COLLECTED MATERIAL:
↓

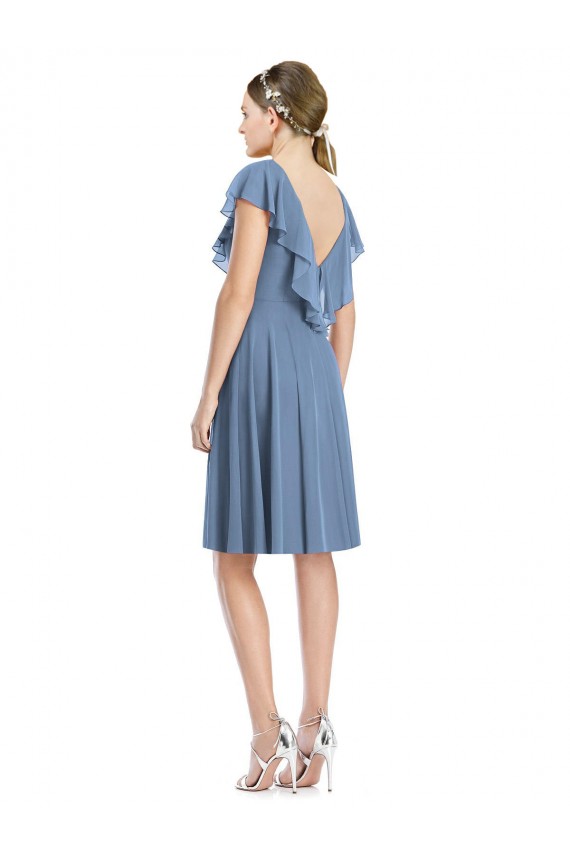Desconto Azul Empoeirado Linha A Decote V Mangas Curtas Comprimento Cocktail Vestidos de Madrinha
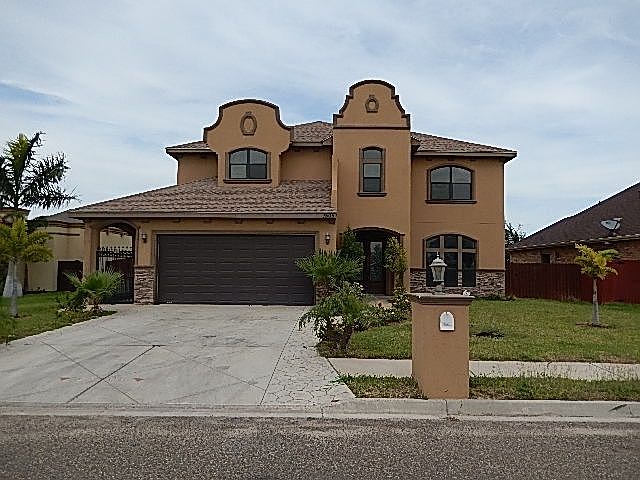 1st image of 1505 Las Brisas Dr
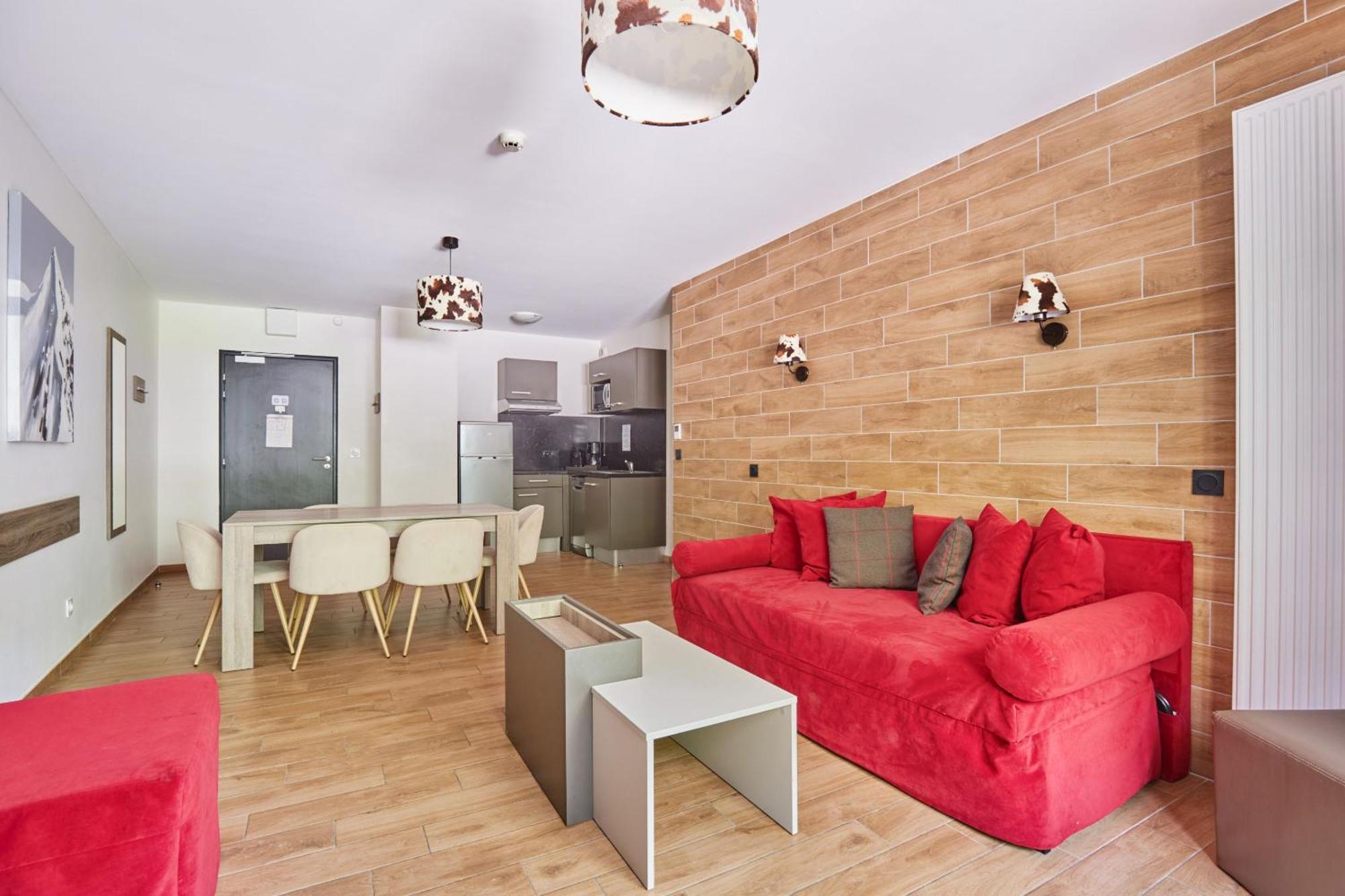 Two-Bedroom Apartment,1687500192:JPEG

↑

TASK INSTRUCTIONS: Return the material exactly as written, except for any pictures it holds.

RESULT FOR THIS TASK:
Desconto Azul Empoeirado Linha A Decote V Mangas Curtas Comprimento Cocktail Vestidos de Madrinha
 1st image of 1505 Las Brisas Dr
 Two-Bedroom Apartment,1687500192:JPEG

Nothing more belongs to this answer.